With a kernel-mode RootKit, the attacker morphs the system so that administrators and users are in a prison, but don't even realize it. You might think you are running certain programs or looking at the status of your machine, but you don't know that you are viewing a fantasy concocted by the attacker and implemented with a kernel-mode RootKit. What you see is not really your operating system, but only a dream world designed to hide you from the truth: the truth that your operating system is really completely owned by the attacker. Without even being aware of your prison, you blithely go on living your life, managing your system, and unwittingly letting the attackers control everything.

Have you ever seen the movie The Matrix? If you haven't, I'll be careful not to give away any spoilers for those few souls who haven't yet seen the movie or its sequels. For those who have seen it, the movie provides some excellent illustrations that help make the ideas behind kernel-mode RootKits more concrete. You know, some people have compared The Matrix to the ultimate Rorschach test. Looking into and interpreting the meaning of the inkblot that is The Matrix really reveals your own philosophy and worldview. Some fans think the movie is about Buddhism, Christianity, Gnosticism, Hinduism, Islam, or Judaism. Others think it's a great flick about martial arts or firearms. But I'm here to tell you what The Matrix is really all about: kernel-mode RootKits.
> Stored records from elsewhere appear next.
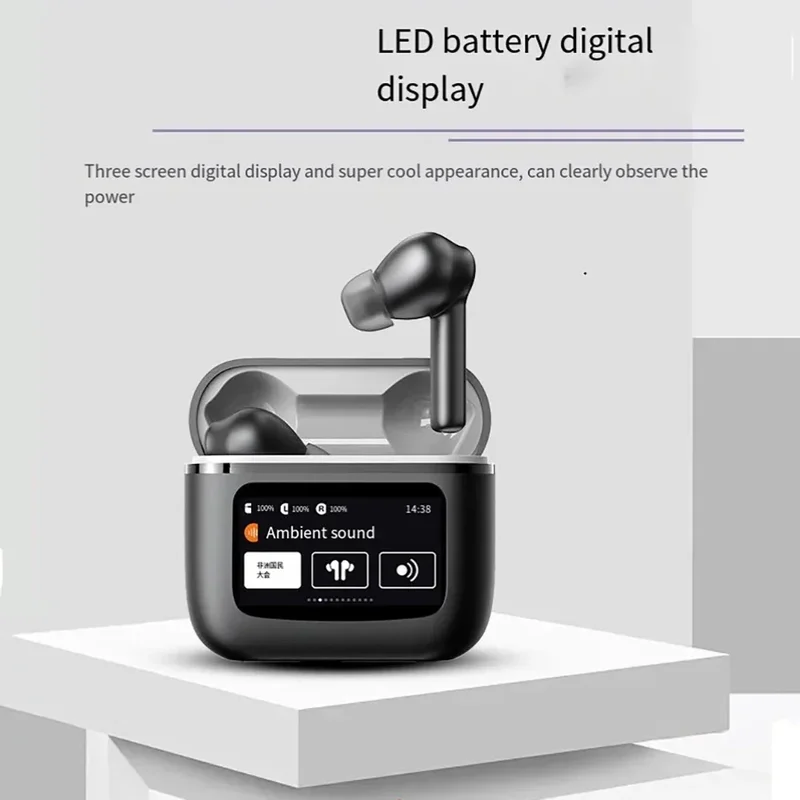 ZENX new LED touchscreen a9pro wireless Bluetooth headphone TWS earphones visible active noise cancellation sport earphone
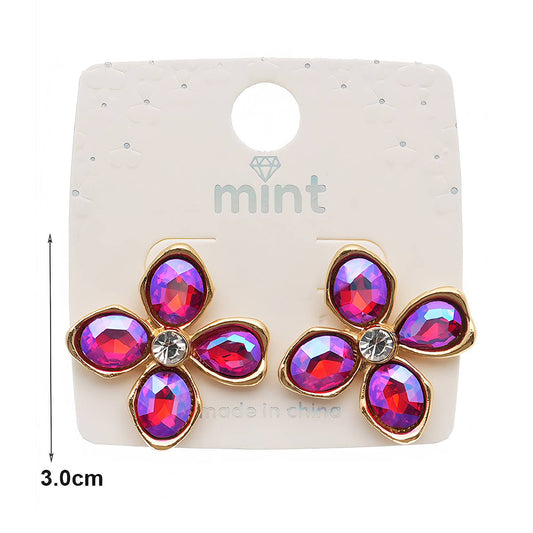 Crystal Flower Gold Trim Earring
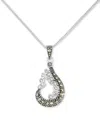 Macy's Marcasite & Crystal Swoop Design 18" Pendant Necklace In Sterling Silver In Marcasite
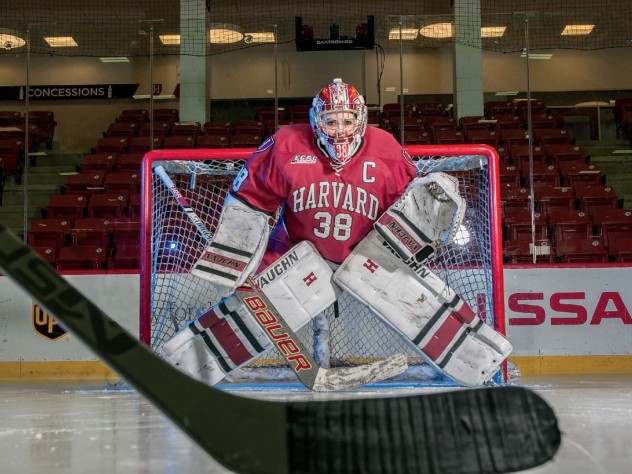 This season Maschmeyer made her 2,108th save, surpassing the Harvard women’s hockey all-time record.
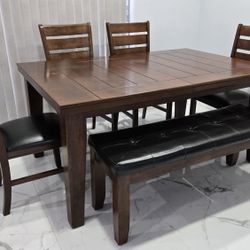 Dining Table With Chairs And Extender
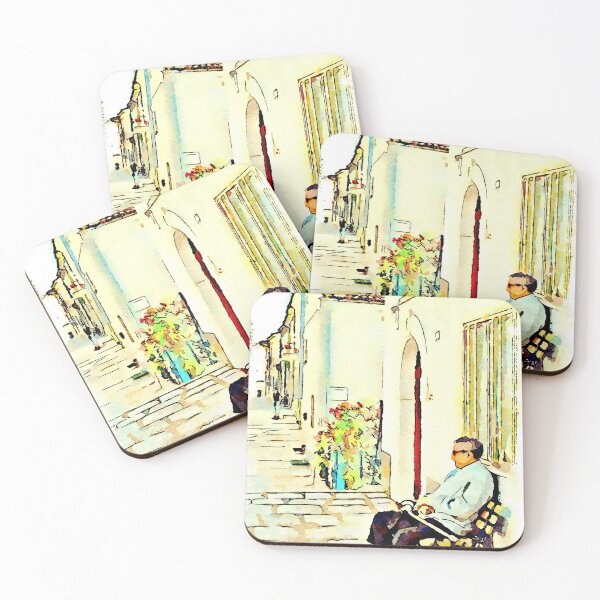 Item preview, Borrello: senior citizen sitting on a bench outside the home designed and sold by Giuseppe Cocco.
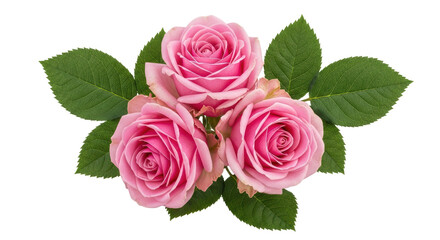 Isolated Bouquet of Pink Roses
In the movie, some pretty evil beings manipulate their victims so that they are wired into a virtual reality simulation that looks like the real world. With their brains wired into the Matrix, the victims believe they are living normal lives, paying their taxes, going to church, and taking out their landladies' garbage. However, the victims are really lying in pods full of pink goo, completely unaware of their real physical circumstances. The virtual reality image of their lives is merely a mirage, designed to enslave the victims so that the evil beings could use their resources. With a kernel-mode RootKit, you think you are looking at your real system, but the attackers have altered the kernel so that they can use your system resources without your knowledge. You might not realize it, but, with a kernel-mode RootKit, your computer is living a lie. Your computer is an attacker-controlled Matrix and you are unknowingly trapped inside.

Keep in mind that for each of the concepts and attacks we discuss for Linux and Windows, analogous ideas apply to other operating systems. Given the differences in the kernel implementations of various UNIX variants, we need to pick one specimen from the UNIX world to analyze in more detail. We'll focus on Linux as one of the most common representatives of UNIX and UNIX-like operating systems. In addition to Linux, we'll look at the Windows kernel because of its widespread deployment and popularity as a target for kernel-mode RootKits. However, keep in mind that similar kernel-mode RootKit concepts have been implemented for other operating systems, including Solaris FreeBSD and others. By analyzing the details of kernel attacks on Linux and Windows, we can not only understand how they work in detail on the most popular platforms, but also get a high-level view of similar techniques that are used against other systems.